Ad alimentare questa situazione è anche l’assenza di un nuovo governo a circa 4 mesi dal voto del 7 marzo?
“Il vuoto di potere certamente non aiuta la popolazione e non solo quella cristiana. L’Iraq ha estremo bisogno di stabilità. Il vuoto si riflette anche nelle varie province che non hanno la forza di governare, di garantire la sicurezza e i servizi di base necessari alla vita di tutti i giorni, come l’erogazione dell’elettricità, per esempio”.
È di questi giorni la notizia che il premier al-Maliki ha accettato le dimissioni del ministro dell’Elettricità, nell’occhio del ciclone per le interruzioni di corrente che privano gli iracheni dell’aria condizionata e dell’acqua durante l’afa estiva…
“Quello dell’elettricità è un problema grave per gli iracheni.
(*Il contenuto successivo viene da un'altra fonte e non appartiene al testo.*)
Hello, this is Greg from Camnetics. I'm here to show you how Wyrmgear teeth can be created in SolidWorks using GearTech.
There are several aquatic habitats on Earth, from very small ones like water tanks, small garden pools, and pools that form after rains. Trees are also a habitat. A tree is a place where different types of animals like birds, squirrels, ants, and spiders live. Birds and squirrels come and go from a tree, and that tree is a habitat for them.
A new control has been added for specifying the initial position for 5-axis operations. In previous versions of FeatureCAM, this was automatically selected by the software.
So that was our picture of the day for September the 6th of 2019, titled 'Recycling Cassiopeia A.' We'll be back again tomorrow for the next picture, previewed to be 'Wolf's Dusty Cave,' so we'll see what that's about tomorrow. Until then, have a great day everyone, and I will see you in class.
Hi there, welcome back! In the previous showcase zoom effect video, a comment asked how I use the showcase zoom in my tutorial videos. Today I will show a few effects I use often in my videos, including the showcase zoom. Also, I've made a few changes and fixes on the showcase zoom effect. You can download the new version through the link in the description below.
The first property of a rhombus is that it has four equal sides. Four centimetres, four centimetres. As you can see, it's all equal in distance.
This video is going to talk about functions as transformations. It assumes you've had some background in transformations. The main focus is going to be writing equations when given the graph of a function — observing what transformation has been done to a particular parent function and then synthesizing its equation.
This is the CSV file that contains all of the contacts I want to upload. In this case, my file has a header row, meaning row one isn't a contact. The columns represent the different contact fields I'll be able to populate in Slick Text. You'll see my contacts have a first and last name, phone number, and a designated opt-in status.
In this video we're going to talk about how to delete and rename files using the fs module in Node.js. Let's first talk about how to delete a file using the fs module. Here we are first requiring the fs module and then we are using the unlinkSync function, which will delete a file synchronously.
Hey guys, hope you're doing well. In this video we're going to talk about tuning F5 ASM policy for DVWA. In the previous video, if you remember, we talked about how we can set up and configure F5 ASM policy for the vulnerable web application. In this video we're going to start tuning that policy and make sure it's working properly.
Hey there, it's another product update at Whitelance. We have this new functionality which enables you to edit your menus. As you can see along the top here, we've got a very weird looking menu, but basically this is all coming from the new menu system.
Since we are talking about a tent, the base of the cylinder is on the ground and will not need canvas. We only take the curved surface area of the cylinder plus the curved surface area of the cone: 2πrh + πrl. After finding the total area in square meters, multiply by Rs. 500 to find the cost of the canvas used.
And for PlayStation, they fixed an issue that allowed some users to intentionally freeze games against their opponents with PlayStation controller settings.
In questa stagione c’è un caldo opprimente che tocca anche i 45°. L’elettricità viene erogata solo per 6-8 ore nell’arco della giornata quindi le famiglie sono costrette a ricorrere a dei generatori o ad acquistare energia elettrica da chi ne possiede con molte speculazioni sul costo della corrente. Il che è incredibile se pensiamo che l’Iraq è un Paese ricco di risorse e di petrolio i cui proventi potrebbero garantire benessere a tutti”.
Da pastore come vive e affronta questa realtà così difficile?
“Incoraggiando i miei fedeli a mantenere la fede e la speranza. Per due anni sono stati senza vescovo, a causa della morte avvenuta durante il suo rapimento di mons. Paulos Farahj Raho, ed hanno vissuto un periodo molto duro. Ho scelto di vivere in città con loro e questa presenza è motivo di coraggio e di speranza”.
Eccellenza, ha paura per se stesso, usufruisce di una scorta?
“No, non ho paura. Vivo nella curia e mi muovo quando c’è da andare per qualche evento o incontro. Non ho una scorta ma adotto delle precauzioni, quando esco cerco di dare il meno possibile nell’occhio affidandomi a Dio”.